Nuclear isn’t an option for greening the grid
The cost of nuclear power is born by both the taxpayers and the ratepayers. Like coal and gas electrical generation, nuclear power releases process heat into the atmosphere rather than using the excess heat to heat buildings.
The tab for federal nuclear subsidies is around 25 cents per kWh. If we ended nuclear subsides, all the costs of nuclear power which is 19% of total US electrical generation, shifts to the ratepayer. Nuclear plants would close and the price of all electricity would rise dramatically. Conservation and renewable energy could fill the electricity gap, if we transferred the nuclear subsidies to temporary conservation-and-renewable-energy incentives.
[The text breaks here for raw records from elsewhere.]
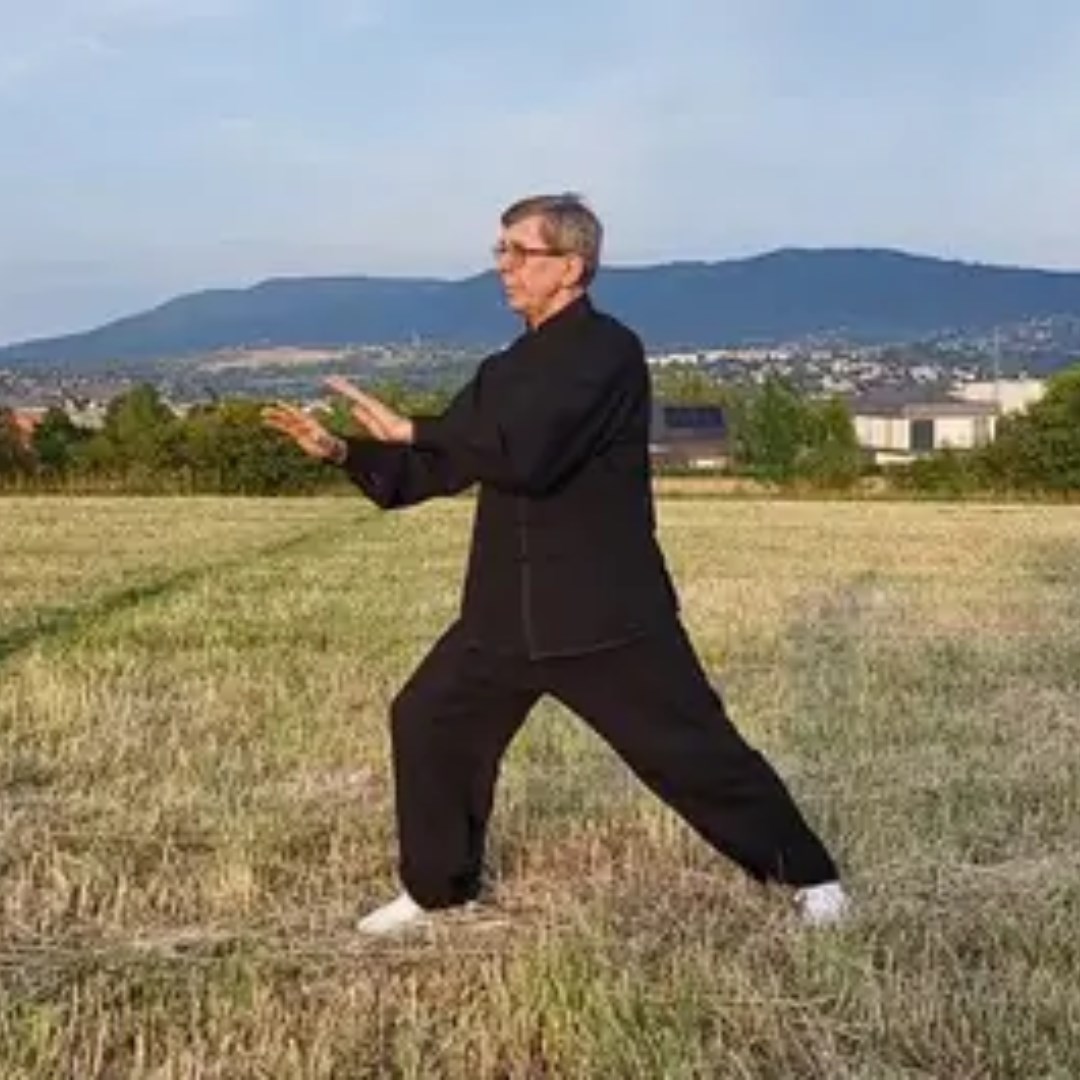 Tai Chi w foyer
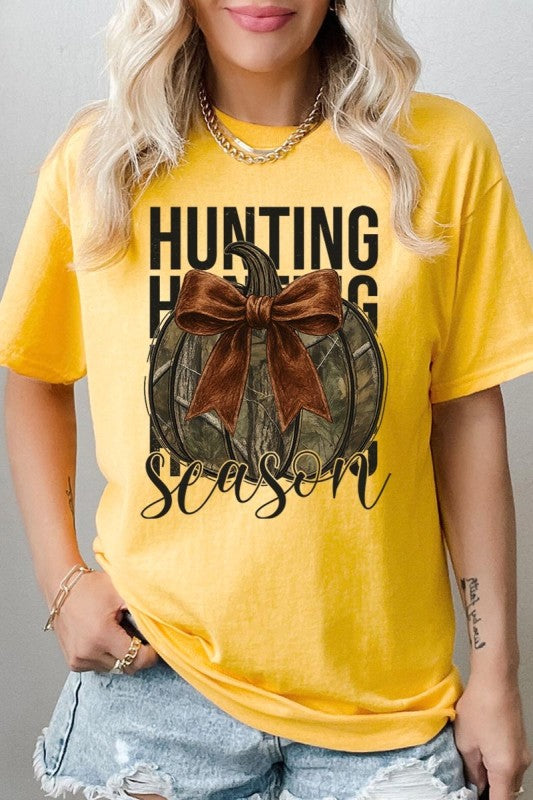 Hunting Pumpkin Bow Graphic Heavy Cotton Tee - Sleekdenim.com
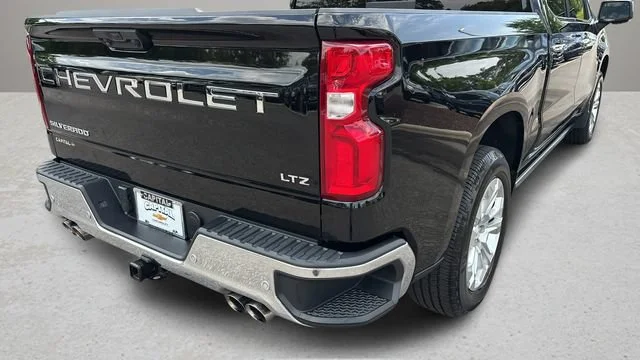 Used 2023 Black Chevrolet LTZ image 37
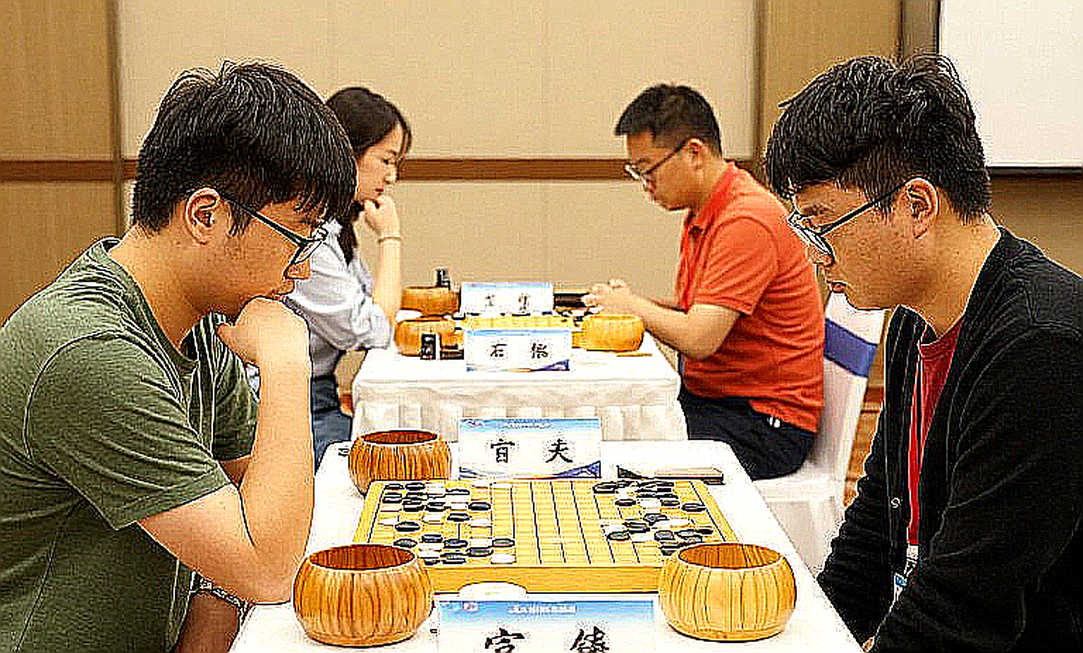FIDE và cuộc bỏ phiếu ngày 26 tháng 9: Lời hứa mang Carlsen trở lại và hóa đơn xung đột lợi ích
Natural Gas: Think about it.
Burning gas and renewable fuels like wood for heating buildings can be a transition energy strategy between nuclear and coal and the clean renewables of conservation and solar energy. At least we can use 60% to 95 % of the energy burning fuels onsite.
However, if we build more gas-fired power plants, without using the low temperature heat on-site at the power plant, we waste at least 60% of the potential energy in the natural gas. Generating electricity with natural gas without using CHP is something that we should definitely avoid.
We should actually save the gas for as a transitional motor fuel and fertilizer feedstock. The synthetic fertilizer, derived from natural gas and other minerals, allows at least 5 billion people to continue living here on earth.
We should follow Denmark
The Danes banned electricity use for space and water heating in 1988 to stop electric load growth. This was a good first step for Denmark, a country likely to become the first to depend primarily on renewable energy. The Danes have communities and an island that are already powered exclusively by renewable energy.
The Danes are serious about becoming a renewable-energy society. Here is their strategy. First, stop electric load growth by discouraging heating with electricity. Next generate electricity with CHP, renewable fuels, and solar energy. Finally, ban fossil-fuel building heating in favor of renewable-powered district heat and on-site renewable energy.
A Danish law banning fossil-fuel heating of buildings takes effect this year 2014. Good job, Denmark!
John- your first picture concerns me; it almost looks like some sort of representation of a ground source heat pump. I’m afraid I’ve seen too many of these installations that barely get to a seasonal average COP of 2. (Of course the installed cost of typically over $5k/ton makes it even more of a pity.)
Great article.
Bob – Thanks for giving me the opportunity to say that I’m being optimistic about both the COP and the technical challenges of heat pumps in general. I believe that your COP estimate is closer to reality than mine.